[Start of section]
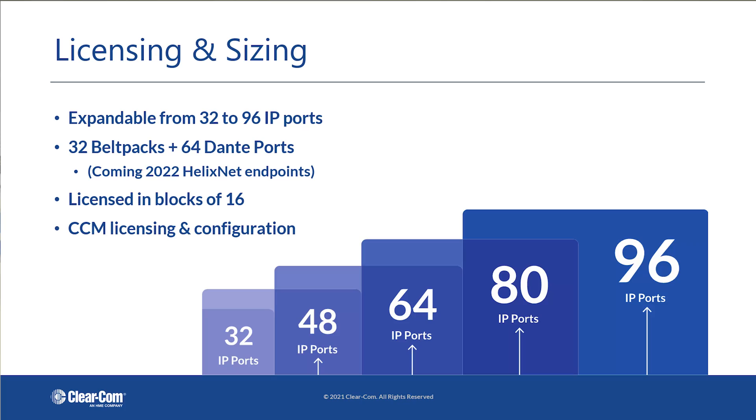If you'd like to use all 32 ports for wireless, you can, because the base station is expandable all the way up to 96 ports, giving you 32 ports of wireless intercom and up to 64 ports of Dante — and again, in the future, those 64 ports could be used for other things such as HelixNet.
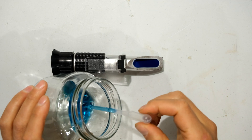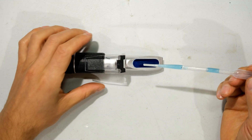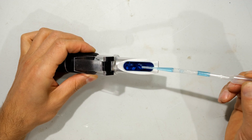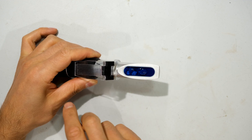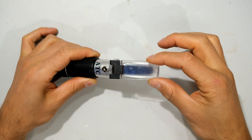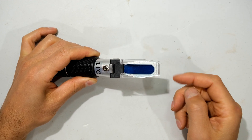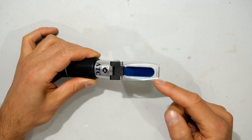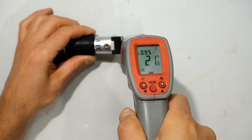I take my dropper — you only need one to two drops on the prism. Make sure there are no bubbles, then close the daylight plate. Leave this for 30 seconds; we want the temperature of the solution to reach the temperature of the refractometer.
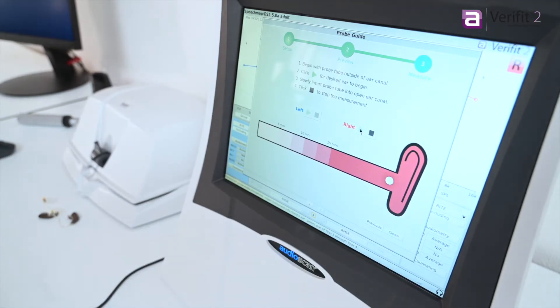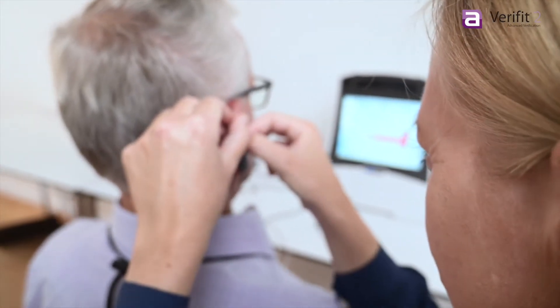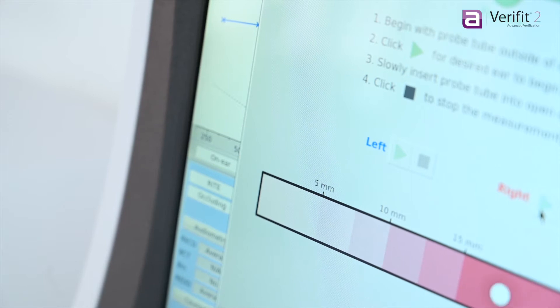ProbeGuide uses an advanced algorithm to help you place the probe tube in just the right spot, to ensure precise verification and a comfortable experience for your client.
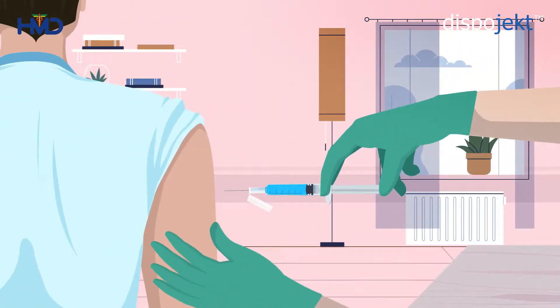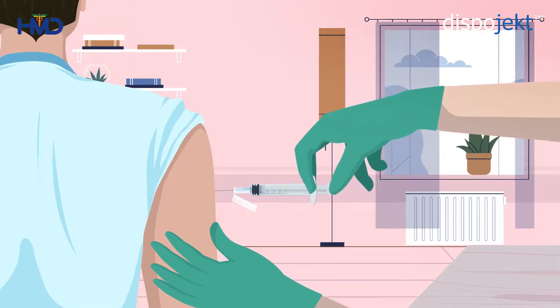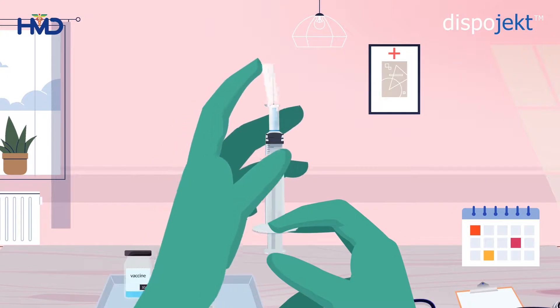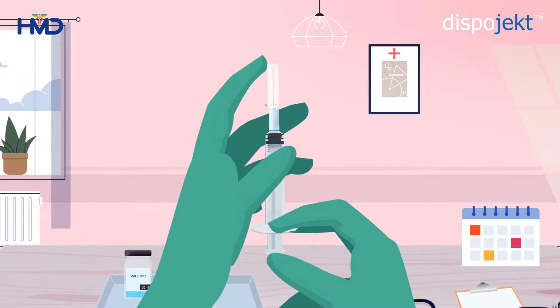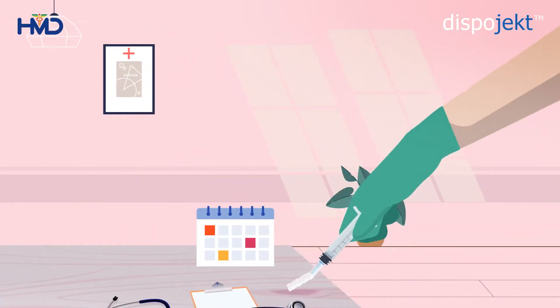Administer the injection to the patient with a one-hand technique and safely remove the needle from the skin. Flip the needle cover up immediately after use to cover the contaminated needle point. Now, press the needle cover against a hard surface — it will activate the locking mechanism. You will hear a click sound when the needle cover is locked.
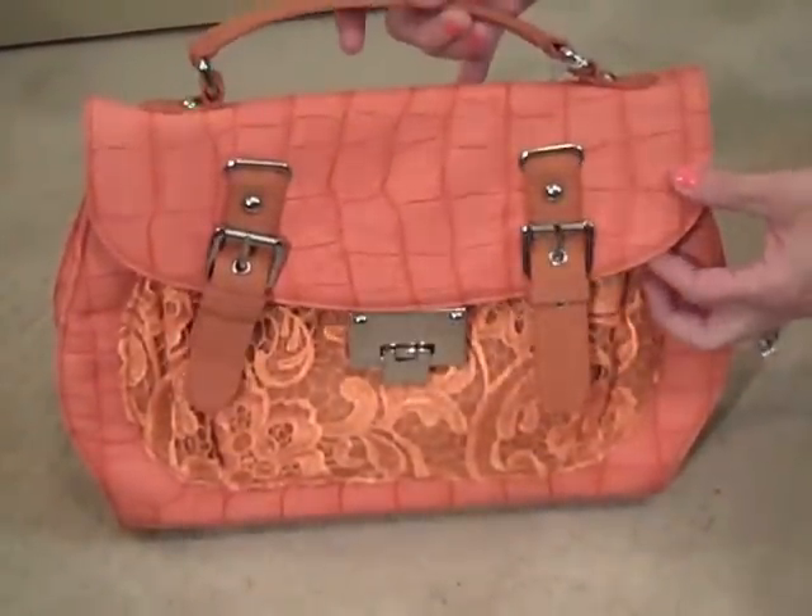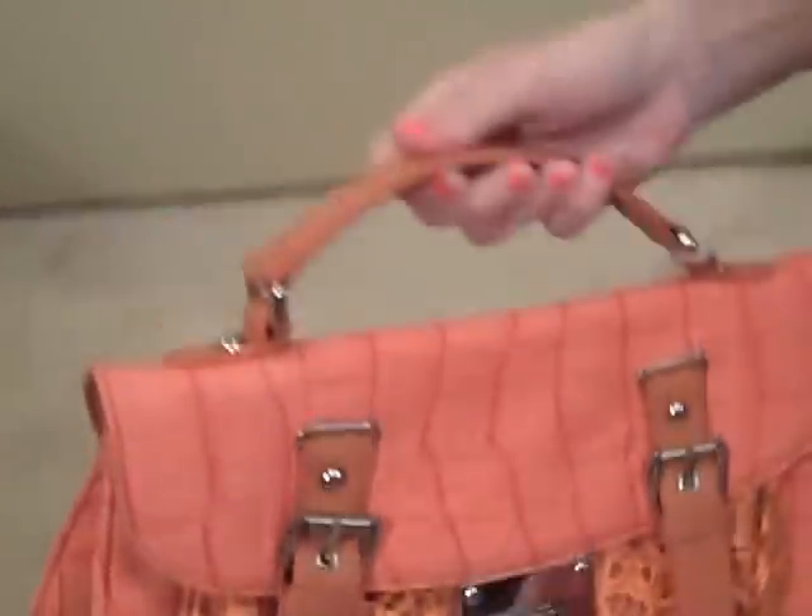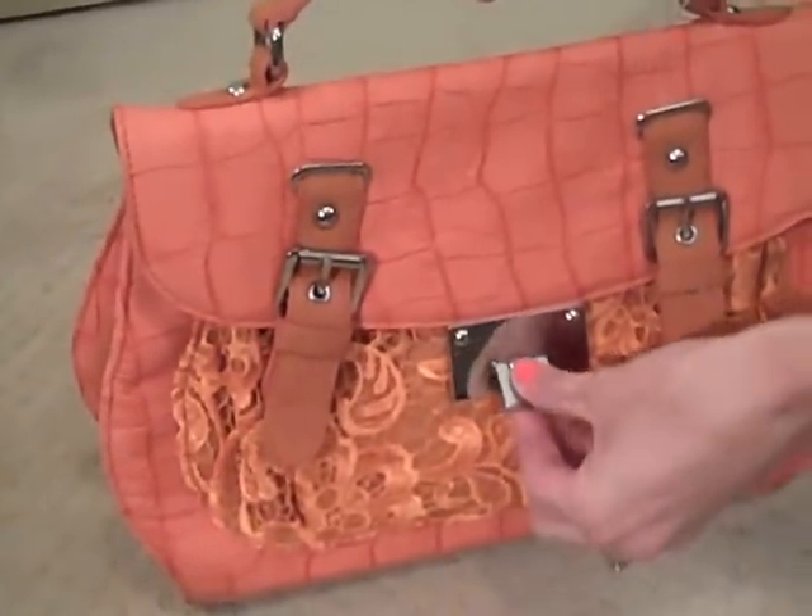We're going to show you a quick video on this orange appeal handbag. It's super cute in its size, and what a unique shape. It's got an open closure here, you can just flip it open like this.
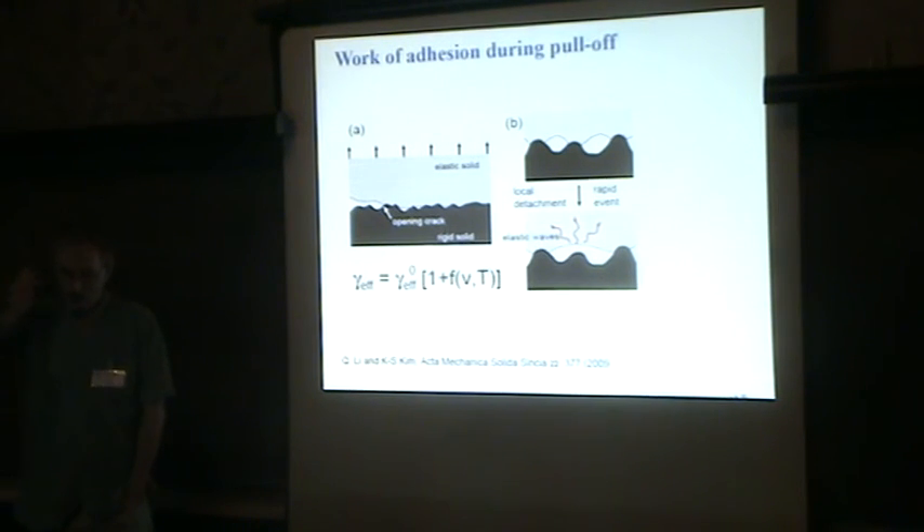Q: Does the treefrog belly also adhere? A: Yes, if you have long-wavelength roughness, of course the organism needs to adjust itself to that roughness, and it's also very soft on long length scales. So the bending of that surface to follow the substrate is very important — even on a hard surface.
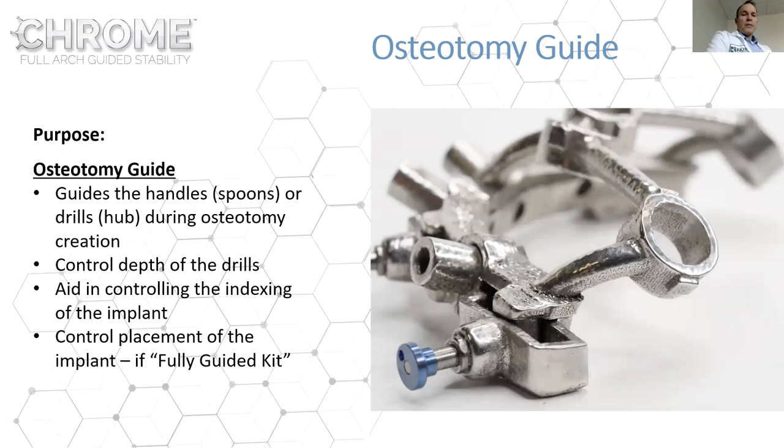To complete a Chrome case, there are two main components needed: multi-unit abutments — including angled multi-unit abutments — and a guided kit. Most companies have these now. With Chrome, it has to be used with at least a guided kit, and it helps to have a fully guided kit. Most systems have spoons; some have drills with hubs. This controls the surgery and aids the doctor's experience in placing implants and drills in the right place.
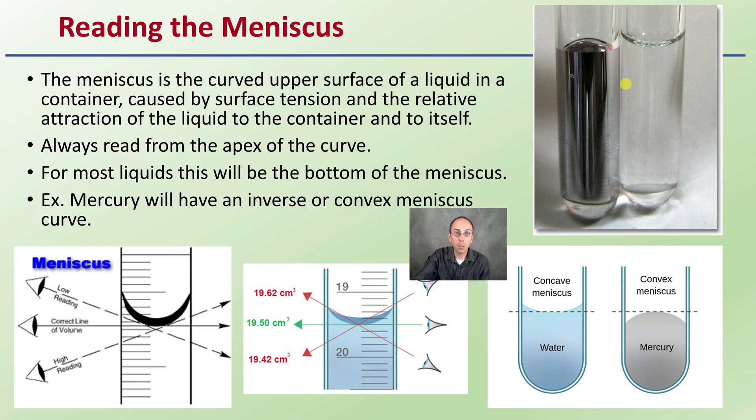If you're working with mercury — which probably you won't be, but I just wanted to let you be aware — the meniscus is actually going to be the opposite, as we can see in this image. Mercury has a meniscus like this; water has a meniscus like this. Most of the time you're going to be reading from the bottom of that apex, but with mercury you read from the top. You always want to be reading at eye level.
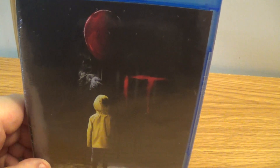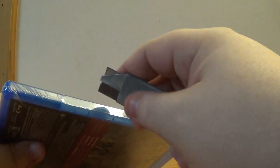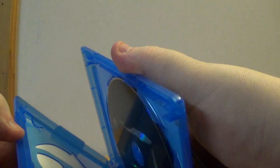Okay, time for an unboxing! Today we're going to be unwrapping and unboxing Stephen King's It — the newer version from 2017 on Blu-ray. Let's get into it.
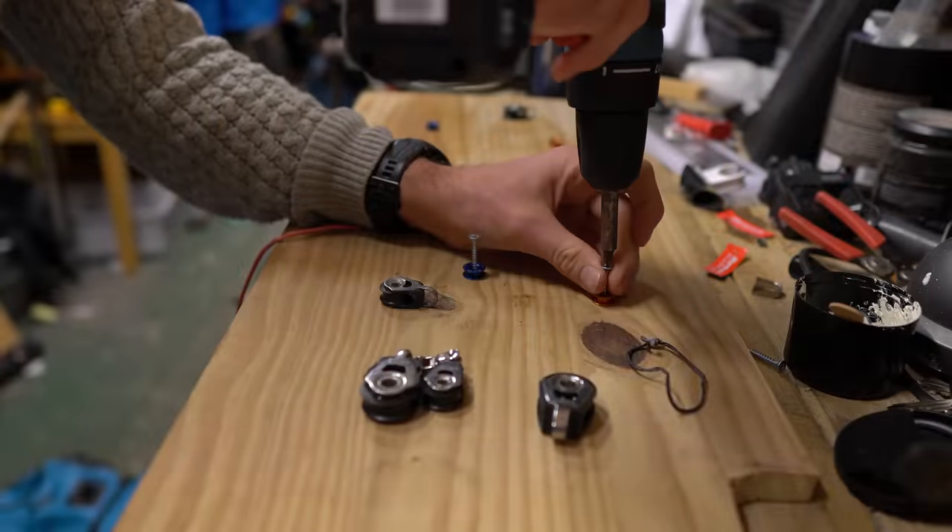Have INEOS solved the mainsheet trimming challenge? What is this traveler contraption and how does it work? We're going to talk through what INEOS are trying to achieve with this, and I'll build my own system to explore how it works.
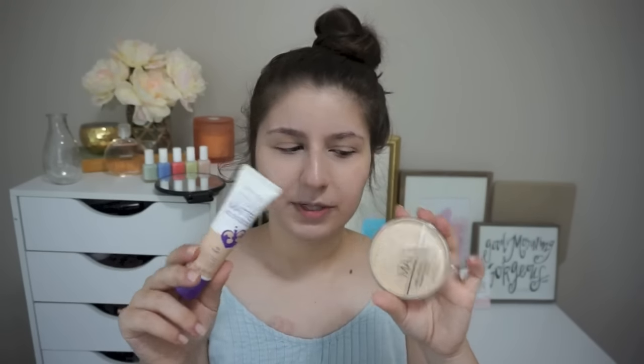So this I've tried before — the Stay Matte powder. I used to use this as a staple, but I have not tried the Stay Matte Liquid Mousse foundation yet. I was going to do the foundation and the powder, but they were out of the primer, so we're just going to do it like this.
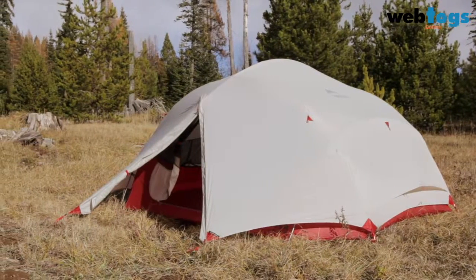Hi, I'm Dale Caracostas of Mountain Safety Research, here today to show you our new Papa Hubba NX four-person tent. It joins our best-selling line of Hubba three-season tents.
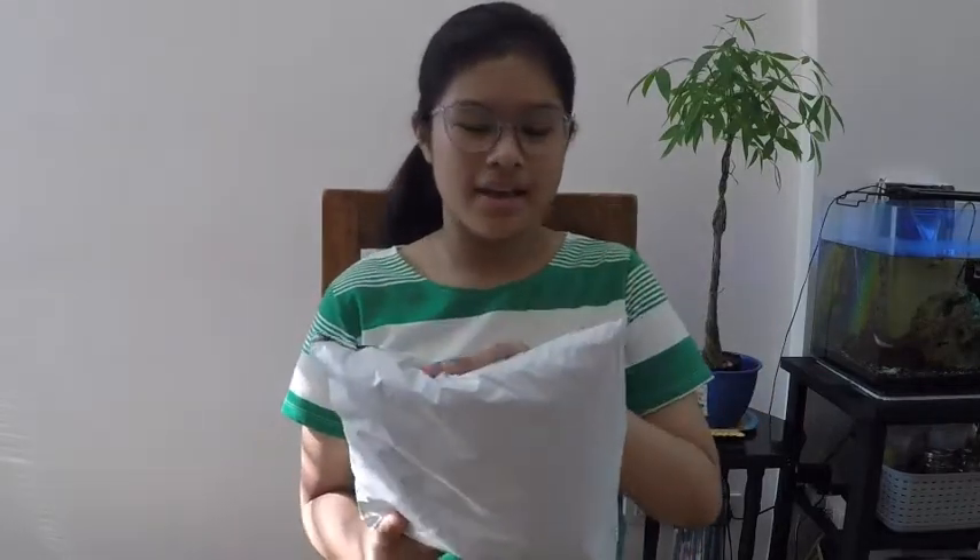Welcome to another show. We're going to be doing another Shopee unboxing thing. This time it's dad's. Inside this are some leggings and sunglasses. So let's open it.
[End of section]
Leave the pictures out, and transcribe each of the records exactly.

If you'd like to use all 32 ports for wireless, you can, because the base station is expandable all the way up to 96 ports, giving you 32 ports of wireless intercom and up to 64 ports of Dante — and again, in the future, those 64 ports could be used for other things such as HelixNet.
I take my dropper — you only need one to two drops on the prism. Make sure there are no bubbles, then close the daylight plate. Leave this for 30 seconds; we want the temperature of the solution to reach the temperature of the refractometer.
ProbeGuide uses an advanced algorithm to help you place the probe tube in just the right spot, to ensure precise verification and a comfortable experience for your client.
Administer the injection to the patient with a one-hand technique and safely remove the needle from the skin. Flip the needle cover up immediately after use to cover the contaminated needle point. Now, press the needle cover against a hard surface — it will activate the locking mechanism. You will hear a click sound when the needle cover is locked.
We're going to show you a quick video on this orange appeal handbag. It's super cute in its size, and what a unique shape. It's got an open closure here, you can just flip it open like this.
Q: Does the treefrog belly also adhere? A: Yes, if you have long-wavelength roughness, of course the organism needs to adjust itself to that roughness, and it's also very soft on long length scales. So the bending of that surface to follow the substrate is very important — even on a hard surface.
To complete a Chrome case, there are two main components needed: multi-unit abutments — including angled multi-unit abutments — and a guided kit. Most companies have these now. With Chrome, it has to be used with at least a guided kit, and it helps to have a fully guided kit. Most systems have spoons; some have drills with hubs. This controls the surgery and aids the doctor's experience in placing implants and drills in the right place.
If you're working with mercury — which probably you won't be, but I just wanted to let you be aware — the meniscus is actually going to be the opposite, as we can see in this image. Mercury has a meniscus like this; water has a meniscus like this. Most of the time you're going to be reading from the bottom of that apex, but with mercury you read from the top. You always want to be reading at eye level.
Okay, time for an unboxing! Today we're going to be unwrapping and unboxing Stephen King's It — the newer version from 2017 on Blu-ray. Let's get into it.
Have INEOS solved the mainsheet trimming challenge? What is this traveler contraption and how does it work? We're going to talk through what INEOS are trying to achieve with this, and I'll build my own system to explore how it works.
So this I've tried before — the Stay Matte powder. I used to use this as a staple, but I have not tried the Stay Matte Liquid Mousse foundation yet. I was going to do the foundation and the powder, but they were out of the primer, so we're just going to do it like this.
Hi, I'm Dale Caracostas of Mountain Safety Research, here today to show you our new Papa Hubba NX four-person tent. It joins our best-selling line of Hubba three-season tents.
Welcome to another show. We're going to be doing another Shopee unboxing thing. This time it's dad's. Inside this are some leggings and sunglasses. So let's open it.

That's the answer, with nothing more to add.